Task details => Please give back word for word the lines of the material below between the line containing "国际文交所交易平台是一种新兴" and the line containing "listrong作品认证：/", inclusive.

..........

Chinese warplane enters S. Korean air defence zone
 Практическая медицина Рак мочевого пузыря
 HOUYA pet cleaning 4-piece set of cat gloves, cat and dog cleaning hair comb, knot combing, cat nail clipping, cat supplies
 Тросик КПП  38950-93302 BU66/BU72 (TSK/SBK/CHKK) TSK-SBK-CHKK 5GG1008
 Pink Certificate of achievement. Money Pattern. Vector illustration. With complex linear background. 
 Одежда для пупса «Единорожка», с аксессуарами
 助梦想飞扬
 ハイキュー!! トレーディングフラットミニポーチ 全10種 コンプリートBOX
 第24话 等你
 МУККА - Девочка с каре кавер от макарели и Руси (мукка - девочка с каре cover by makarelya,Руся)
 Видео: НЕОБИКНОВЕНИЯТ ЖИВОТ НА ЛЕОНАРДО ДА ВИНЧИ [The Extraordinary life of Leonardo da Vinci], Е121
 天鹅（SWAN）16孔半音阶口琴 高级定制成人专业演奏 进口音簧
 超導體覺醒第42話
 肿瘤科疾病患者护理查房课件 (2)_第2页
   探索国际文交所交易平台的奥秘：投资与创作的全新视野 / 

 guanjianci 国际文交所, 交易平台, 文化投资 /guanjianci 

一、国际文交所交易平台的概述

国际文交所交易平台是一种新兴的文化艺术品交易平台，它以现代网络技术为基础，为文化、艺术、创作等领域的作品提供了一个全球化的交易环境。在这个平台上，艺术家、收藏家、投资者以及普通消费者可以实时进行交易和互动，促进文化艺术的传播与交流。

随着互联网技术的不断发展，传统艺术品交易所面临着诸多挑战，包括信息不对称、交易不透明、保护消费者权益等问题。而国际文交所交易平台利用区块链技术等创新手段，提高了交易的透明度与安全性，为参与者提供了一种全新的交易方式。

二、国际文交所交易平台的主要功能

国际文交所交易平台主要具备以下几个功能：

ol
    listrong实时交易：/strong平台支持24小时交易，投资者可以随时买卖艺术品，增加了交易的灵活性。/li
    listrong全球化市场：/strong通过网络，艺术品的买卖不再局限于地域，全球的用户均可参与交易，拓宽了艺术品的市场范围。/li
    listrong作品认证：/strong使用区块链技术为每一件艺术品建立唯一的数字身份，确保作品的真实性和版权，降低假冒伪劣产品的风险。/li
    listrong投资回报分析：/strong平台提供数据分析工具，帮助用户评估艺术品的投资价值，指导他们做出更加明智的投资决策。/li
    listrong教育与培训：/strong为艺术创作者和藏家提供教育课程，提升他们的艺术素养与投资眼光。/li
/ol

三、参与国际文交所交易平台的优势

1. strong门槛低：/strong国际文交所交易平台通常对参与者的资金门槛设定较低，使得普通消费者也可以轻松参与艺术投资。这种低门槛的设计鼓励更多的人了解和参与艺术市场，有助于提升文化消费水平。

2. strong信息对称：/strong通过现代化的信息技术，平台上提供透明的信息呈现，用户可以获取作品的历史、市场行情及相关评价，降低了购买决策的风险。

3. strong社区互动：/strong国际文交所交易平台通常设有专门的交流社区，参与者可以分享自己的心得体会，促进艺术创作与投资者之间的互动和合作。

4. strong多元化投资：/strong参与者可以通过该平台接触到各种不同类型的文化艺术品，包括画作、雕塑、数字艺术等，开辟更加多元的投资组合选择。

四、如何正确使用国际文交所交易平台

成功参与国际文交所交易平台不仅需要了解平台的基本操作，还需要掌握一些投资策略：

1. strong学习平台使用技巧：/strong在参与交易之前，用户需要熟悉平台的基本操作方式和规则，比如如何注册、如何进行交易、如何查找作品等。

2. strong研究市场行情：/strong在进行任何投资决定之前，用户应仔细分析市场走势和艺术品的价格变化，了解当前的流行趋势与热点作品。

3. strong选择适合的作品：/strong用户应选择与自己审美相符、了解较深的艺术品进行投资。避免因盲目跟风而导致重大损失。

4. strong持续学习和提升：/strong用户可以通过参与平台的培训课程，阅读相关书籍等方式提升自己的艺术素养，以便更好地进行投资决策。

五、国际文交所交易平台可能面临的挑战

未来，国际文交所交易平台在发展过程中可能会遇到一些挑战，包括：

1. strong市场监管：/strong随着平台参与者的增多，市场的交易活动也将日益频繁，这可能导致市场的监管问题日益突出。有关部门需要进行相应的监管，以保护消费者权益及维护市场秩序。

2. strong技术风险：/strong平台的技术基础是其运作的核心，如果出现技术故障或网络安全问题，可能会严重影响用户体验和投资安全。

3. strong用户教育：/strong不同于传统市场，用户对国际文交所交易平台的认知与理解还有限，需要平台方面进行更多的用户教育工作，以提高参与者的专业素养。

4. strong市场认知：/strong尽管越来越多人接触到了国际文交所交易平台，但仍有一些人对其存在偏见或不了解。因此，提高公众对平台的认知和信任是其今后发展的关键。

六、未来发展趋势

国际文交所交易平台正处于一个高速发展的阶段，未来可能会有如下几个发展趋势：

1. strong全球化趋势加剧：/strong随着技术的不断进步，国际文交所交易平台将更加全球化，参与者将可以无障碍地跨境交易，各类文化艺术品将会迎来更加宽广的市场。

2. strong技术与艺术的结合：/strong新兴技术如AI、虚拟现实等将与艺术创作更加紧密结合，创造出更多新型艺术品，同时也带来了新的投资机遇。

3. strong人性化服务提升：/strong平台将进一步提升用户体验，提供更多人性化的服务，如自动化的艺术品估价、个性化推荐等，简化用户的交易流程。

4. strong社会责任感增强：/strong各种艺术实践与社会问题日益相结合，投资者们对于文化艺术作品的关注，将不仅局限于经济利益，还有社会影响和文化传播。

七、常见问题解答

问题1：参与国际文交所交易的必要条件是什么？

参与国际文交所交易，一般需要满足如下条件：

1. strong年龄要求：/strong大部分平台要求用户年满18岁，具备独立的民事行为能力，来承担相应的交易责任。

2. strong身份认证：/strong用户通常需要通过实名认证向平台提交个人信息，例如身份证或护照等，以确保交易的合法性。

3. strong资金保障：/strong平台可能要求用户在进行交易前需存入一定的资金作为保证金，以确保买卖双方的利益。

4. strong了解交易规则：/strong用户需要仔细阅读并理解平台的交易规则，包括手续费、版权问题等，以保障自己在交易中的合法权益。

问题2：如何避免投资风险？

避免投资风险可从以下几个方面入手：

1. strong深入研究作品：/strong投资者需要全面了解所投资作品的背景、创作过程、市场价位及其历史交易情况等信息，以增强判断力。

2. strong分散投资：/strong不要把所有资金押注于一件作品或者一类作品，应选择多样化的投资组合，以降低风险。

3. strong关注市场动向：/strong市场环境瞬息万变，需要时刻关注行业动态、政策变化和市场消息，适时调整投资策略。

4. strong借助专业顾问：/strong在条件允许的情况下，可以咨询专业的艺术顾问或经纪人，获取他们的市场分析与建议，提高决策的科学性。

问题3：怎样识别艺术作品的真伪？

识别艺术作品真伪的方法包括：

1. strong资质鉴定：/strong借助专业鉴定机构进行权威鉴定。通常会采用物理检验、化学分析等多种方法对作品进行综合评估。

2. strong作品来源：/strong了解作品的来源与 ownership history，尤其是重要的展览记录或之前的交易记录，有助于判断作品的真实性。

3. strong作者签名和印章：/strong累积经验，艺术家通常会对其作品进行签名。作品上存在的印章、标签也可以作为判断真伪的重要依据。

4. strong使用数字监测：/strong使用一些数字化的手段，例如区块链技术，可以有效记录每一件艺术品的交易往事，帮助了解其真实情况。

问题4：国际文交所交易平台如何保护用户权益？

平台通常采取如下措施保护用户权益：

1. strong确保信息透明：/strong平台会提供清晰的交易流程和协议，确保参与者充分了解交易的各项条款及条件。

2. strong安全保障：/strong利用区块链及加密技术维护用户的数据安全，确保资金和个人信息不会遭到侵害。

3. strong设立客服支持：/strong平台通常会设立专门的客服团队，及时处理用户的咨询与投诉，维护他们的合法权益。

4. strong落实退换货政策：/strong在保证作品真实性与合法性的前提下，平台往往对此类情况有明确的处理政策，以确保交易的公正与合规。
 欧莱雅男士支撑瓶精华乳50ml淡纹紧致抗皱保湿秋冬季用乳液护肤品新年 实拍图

..........

Result =>
国际文交所交易平台是一种新兴的文化艺术品交易平台，它以现代网络技术为基础，为文化、艺术、创作等领域的作品提供了一个全球化的交易环境。在这个平台上，艺术家、收藏家、投资者以及普通消费者可以实时进行交易和互动，促进文化艺术的传播与交流。

随着互联网技术的不断发展，传统艺术品交易所面临着诸多挑战，包括信息不对称、交易不透明、保护消费者权益等问题。而国际文交所交易平台利用区块链技术等创新手段，提高了交易的透明度与安全性，为参与者提供了一种全新的交易方式。

二、国际文交所交易平台的主要功能

国际文交所交易平台主要具备以下几个功能：

ol
    listrong实时交易：/strong平台支持24小时交易，投资者可以随时买卖艺术品，增加了交易的灵活性。/li
    listrong全球化市场：/strong通过网络，艺术品的买卖不再局限于地域，全球的用户均可参与交易，拓宽了艺术品的市场范围。/li
    listrong作品认证：/strong使用区块链技术为每一件艺术品建立唯一的数字身份，确保作品的真实性和版权，降低假冒伪劣产品的风险。/li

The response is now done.